**Problem to work on:**
The required output is the exact run of lines in the listing below from the line holding "BEYLİKDÜZÜ'NDE 9. BARIŞ" through the line holding "Down Up Polarity", with no pictures.

**Source data:**
*****
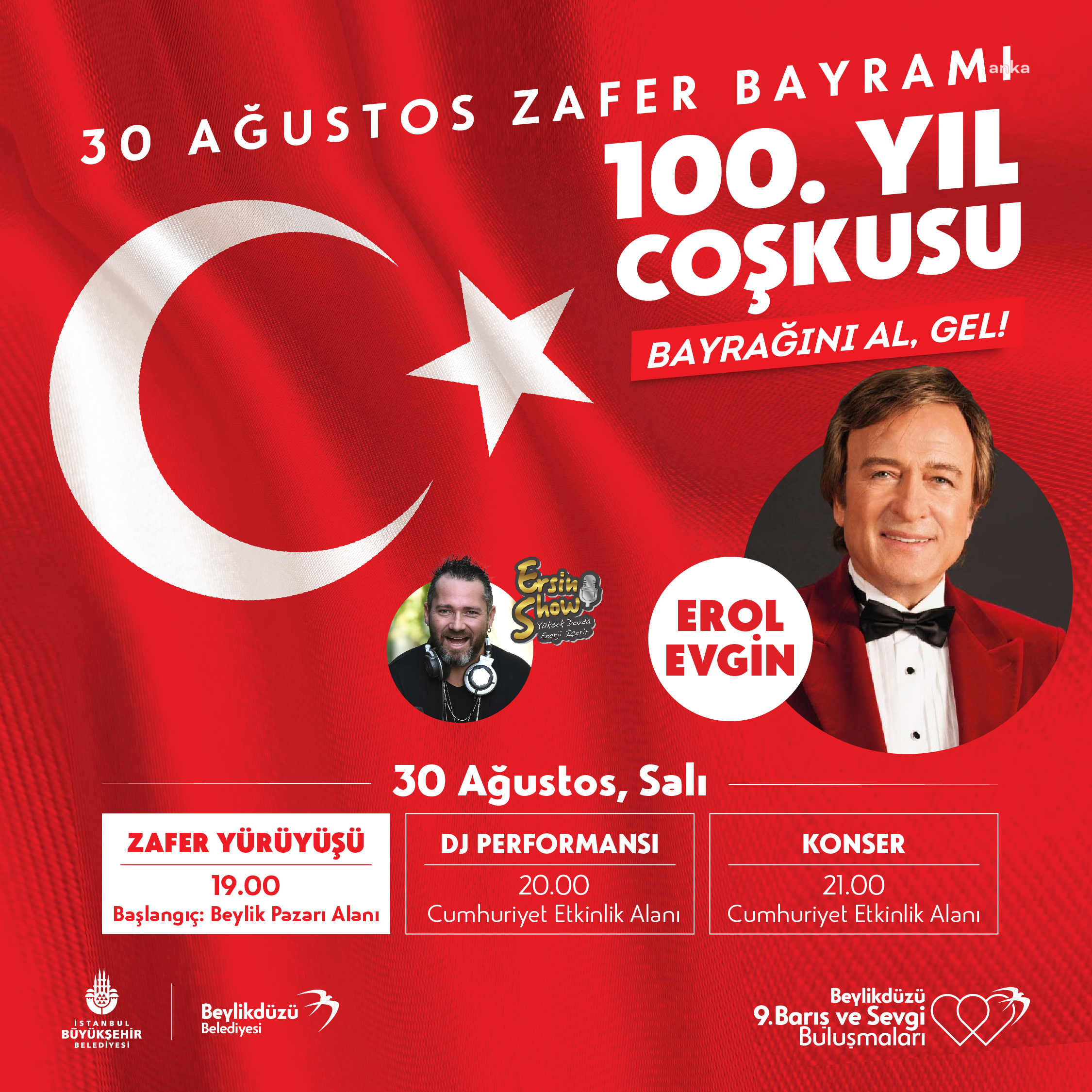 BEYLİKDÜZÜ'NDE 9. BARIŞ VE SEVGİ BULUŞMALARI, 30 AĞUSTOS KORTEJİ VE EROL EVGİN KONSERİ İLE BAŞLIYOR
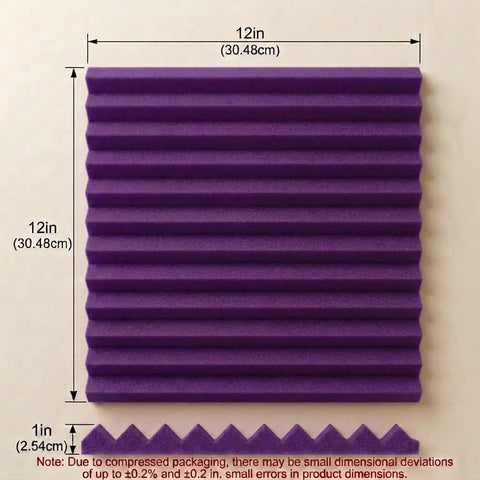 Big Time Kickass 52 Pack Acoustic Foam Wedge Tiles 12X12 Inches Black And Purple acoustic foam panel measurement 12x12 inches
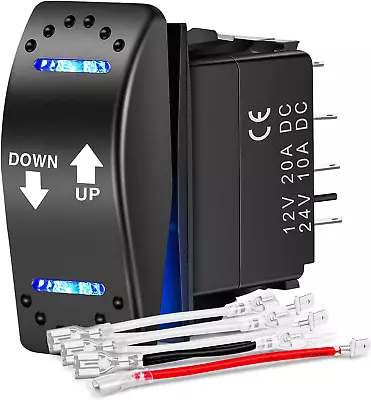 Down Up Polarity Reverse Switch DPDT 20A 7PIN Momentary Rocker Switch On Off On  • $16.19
*****
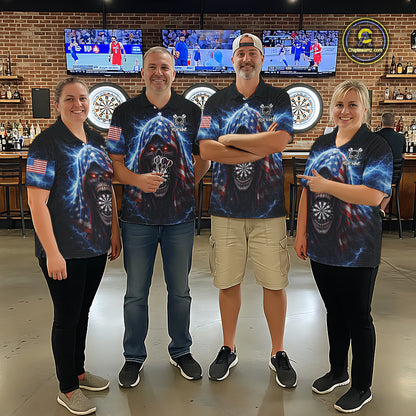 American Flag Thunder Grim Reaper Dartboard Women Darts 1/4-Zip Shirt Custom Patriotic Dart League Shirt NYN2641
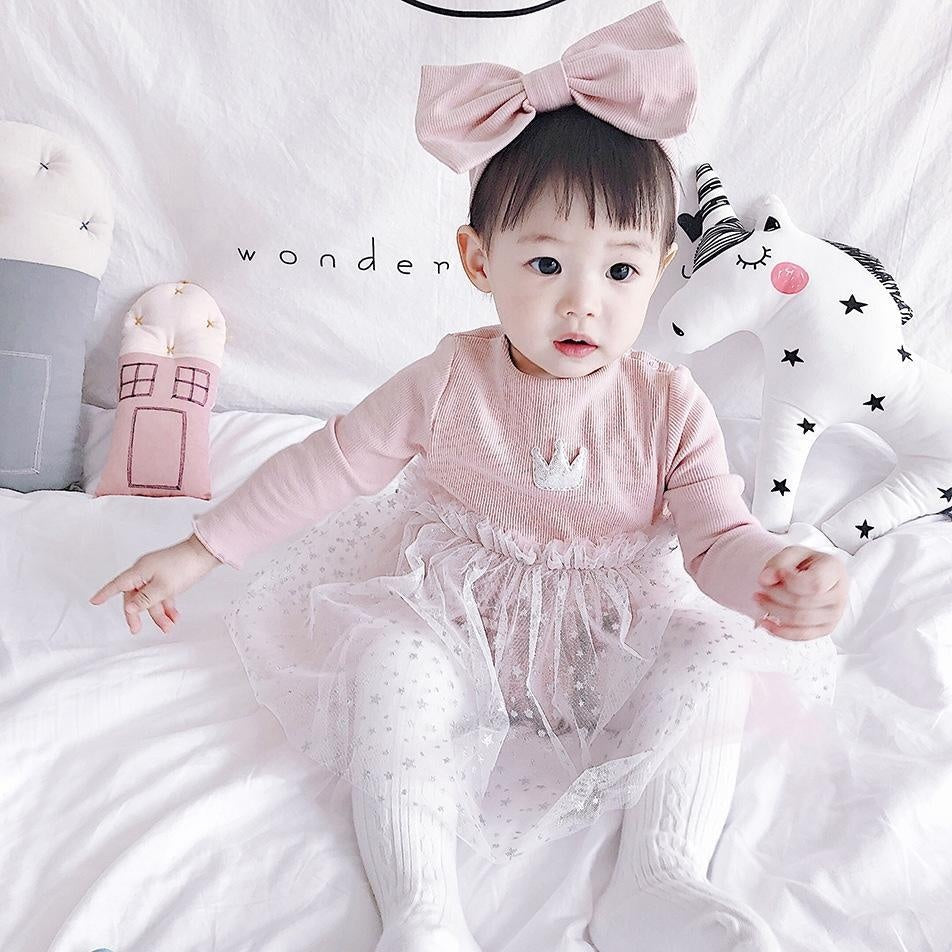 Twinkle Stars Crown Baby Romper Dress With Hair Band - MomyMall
*****
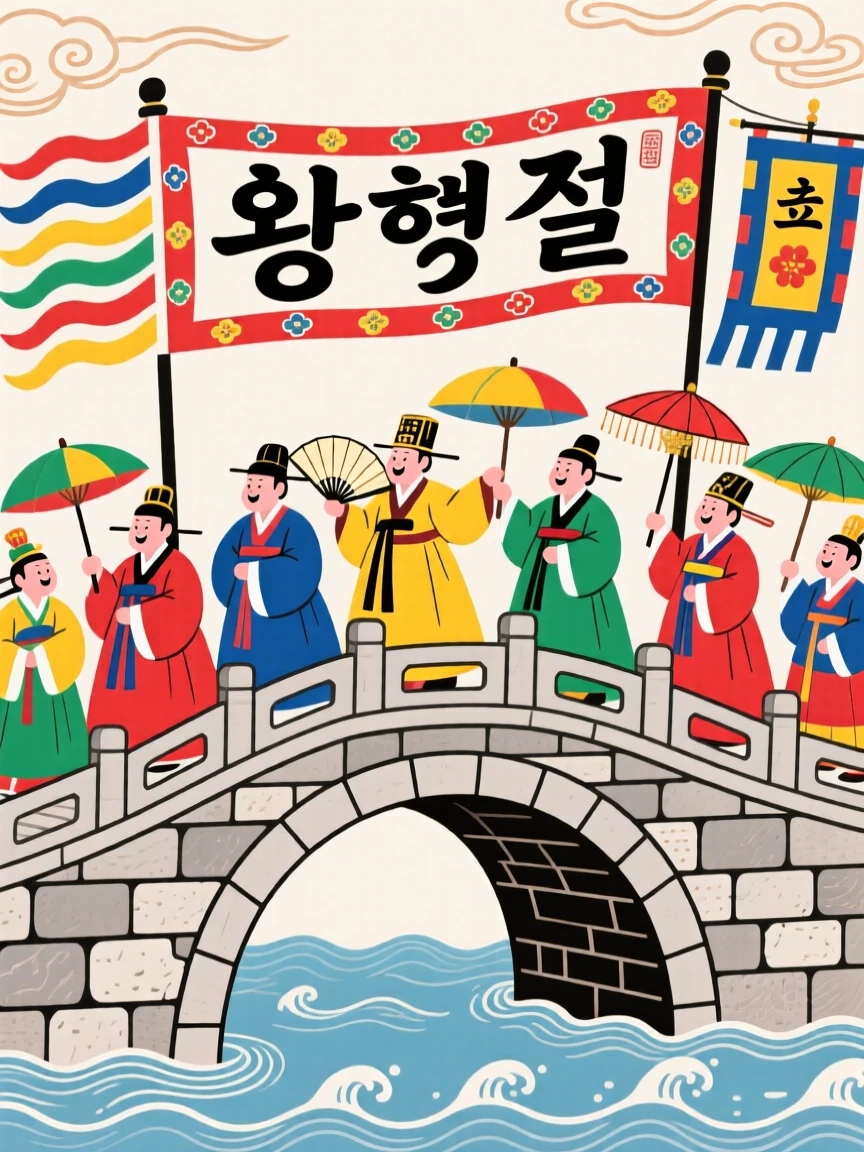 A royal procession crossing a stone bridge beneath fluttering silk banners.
*****
**Solution to this task:**
 BEYLİKDÜZÜ'NDE 9. BARIŞ VE SEVGİ BULUŞMALARI, 30 AĞUSTOS KORTEJİ VE EROL EVGİN KONSERİ İLE BAŞLIYOR
 Big Time Kickass 52 Pack Acoustic Foam Wedge Tiles 12X12 Inches Black And Purple acoustic foam panel measurement 12x12 inches
 Down Up Polarity Reverse Switch DPDT 20A 7PIN Momentary Rocker Switch On Off On  • $16.19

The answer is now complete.